Write out the data word for word, taking care that no picture is carried over.
[[ Information shown open ]]
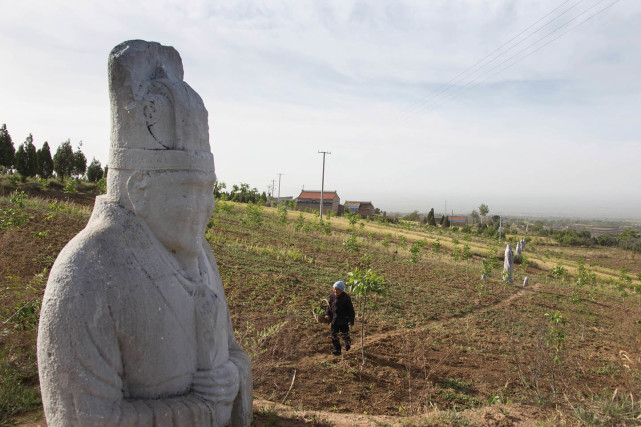 泾阳县贞陵,爷孙俩(吴为/图)陕西关中平原分布着唐代帝王的18座陵墓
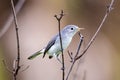 A blue-gray gnatcatcher perched on a small twig Royalty Free Stock Photo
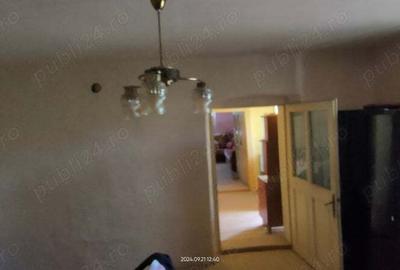 Casă cu 4 camere cu Teren 3000 Mp în Alioș - 4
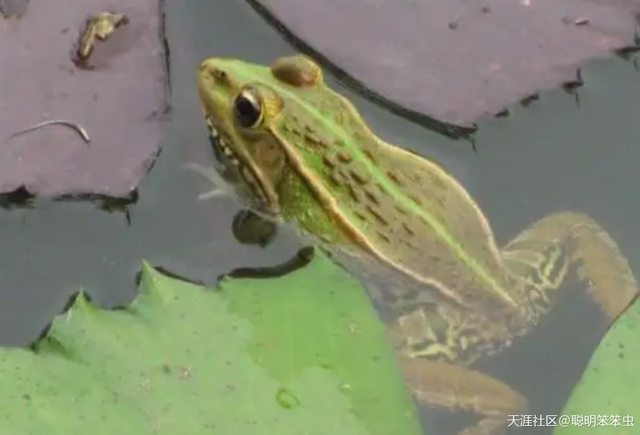江湖奇兵大结局，江湖奇案结局（一个从山村到城市的社会记忆）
[[ Information shown closed ]]
Answer to this task:
 泾阳县贞陵,爷孙俩(吴为/图)陕西关中平原分布着唐代帝王的18座陵墓
 A blue-gray gnatcatcher perched on a small twig Royalty Free Stock Photo
 Casă cu 4 camere cu Teren 3000 Mp în Alioș - 4
江湖奇兵大结局，江湖奇案结局（一个从山村到城市的社会记忆）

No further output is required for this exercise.